Nothing could be clearer than this. There is a commandment of God not to rebuild this city: But what does a man like Ahab care about that? “Old documents, written hundreds of years ago, about a city whose walls fell down at the blowing of trumpets. Who believes that anymore?”
Ahab had turned from giving any weight to the Word of God. There was money to be made in a place like Jericho, so Ahab commissioned this man Hiel to rebuild the city.
In the time of Ahab, the people saw the books of Moses as just words, God talk. They felt that God was passive—they could do what they wanted and nothing would happen. Do you see this in our world today? People think God is only in people’s minds, not a living reality.
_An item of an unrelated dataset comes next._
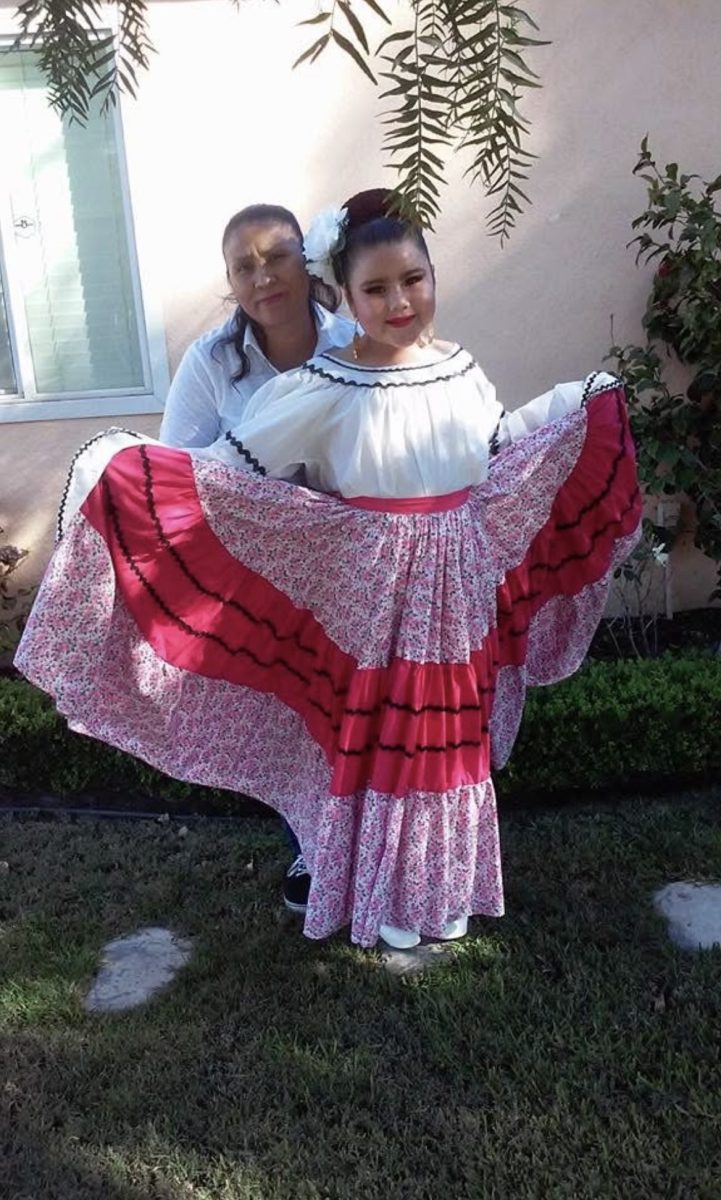  Cytlaly, age 8, poses with her mother Maricela Velazquez.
This is a story of the progress of evil in a person’s life and in society. It begins with disobeying the command of God. It continues by subverting the worship of God—if this god does not suit us, we will reshape god in our own image. And, it intensifies in provoking the anger as God and it ends up with men and women ignoring the warnings of God.
As I’ve meditated on this, it’s clear to me that our beloved nation is on the same path. We define our own morality and choose our own gods. God says “I Am who I Am,” but instead of bowing before him and believing God is who he says he is, we redefine God, and we act as if God is who we say he is.
How have you redefined God, and how can you use Scripture to bow before who he actually is?